**WHAT THE TASK REQUIRES**
Lines from the beginning of the material below through the line that has "Example of Time Words Meaning in English" are to be reproduced exactly, but pictures are not.
STORED DATA Block Start
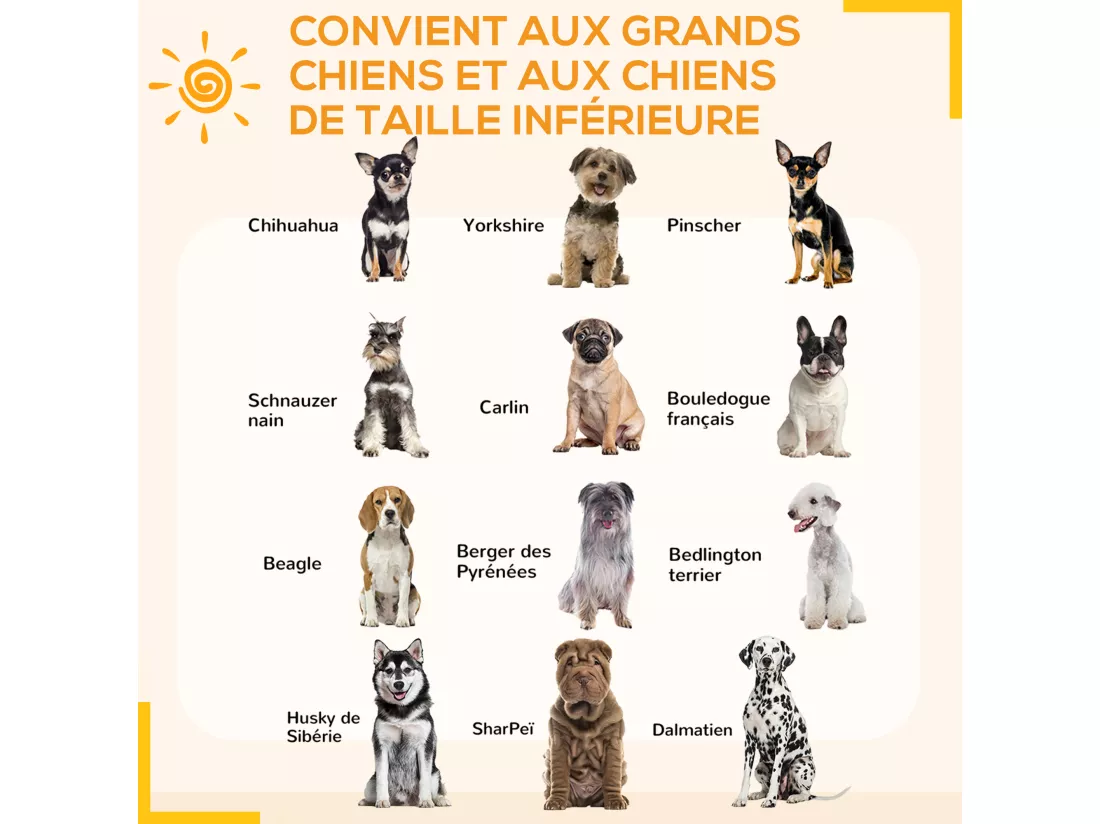 Parc enclos modulable pour chien 6 panneaux avec porte acier époxy noir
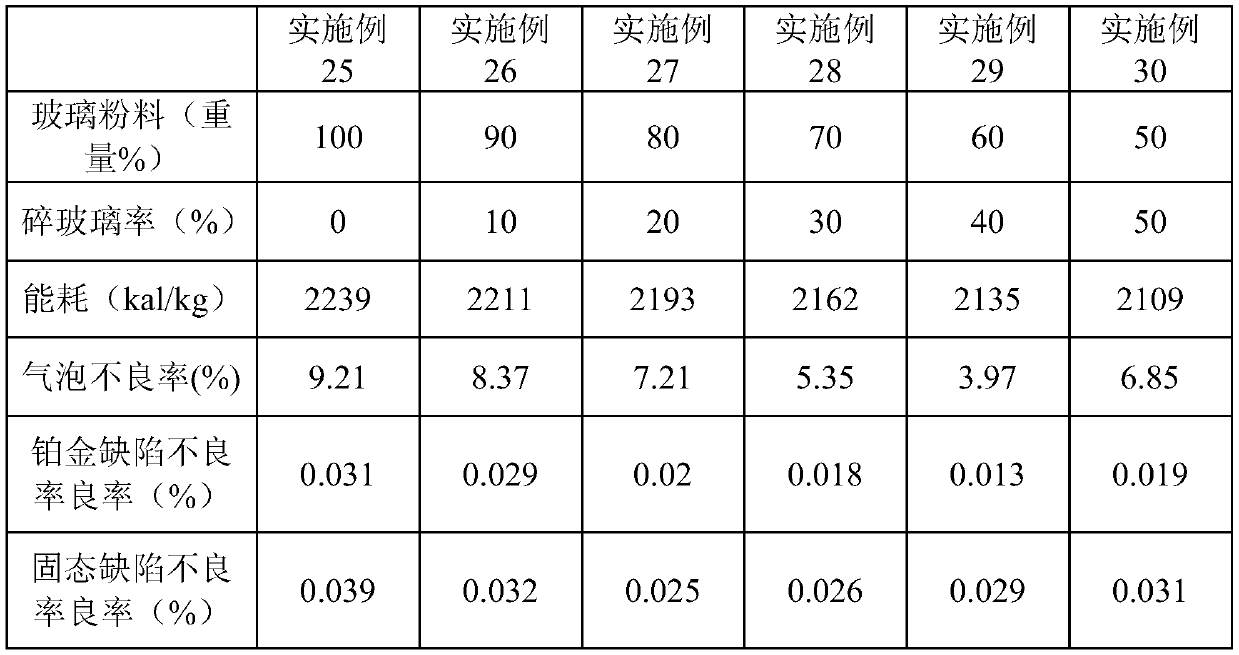 Glass composition, alumina silicate glass and preparation method and application of glass composition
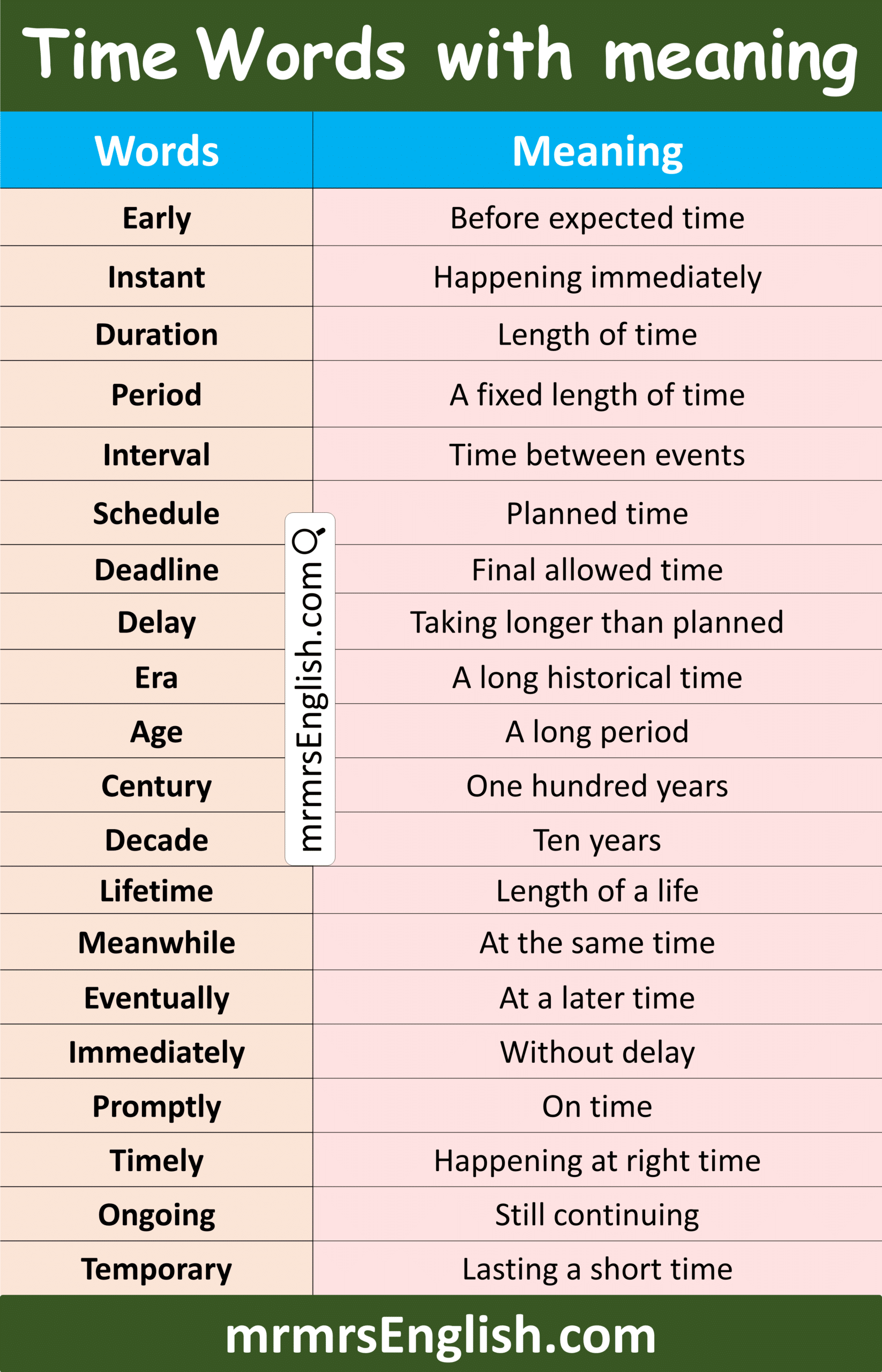 Example of Time Words Meaning in English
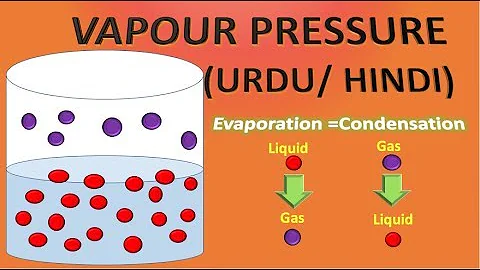 What is | Vapour Pressure easy definition|  | Vapour Pressure of Liquid | State of Matter | Liquids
STORED DATA Block End
**RESULT FOR THIS EXERCISE**
 Parc enclos modulable pour chien 6 panneaux avec porte acier époxy noir
 Glass composition, alumina silicate glass and preparation method and application of glass composition
 Example of Time Words Meaning in English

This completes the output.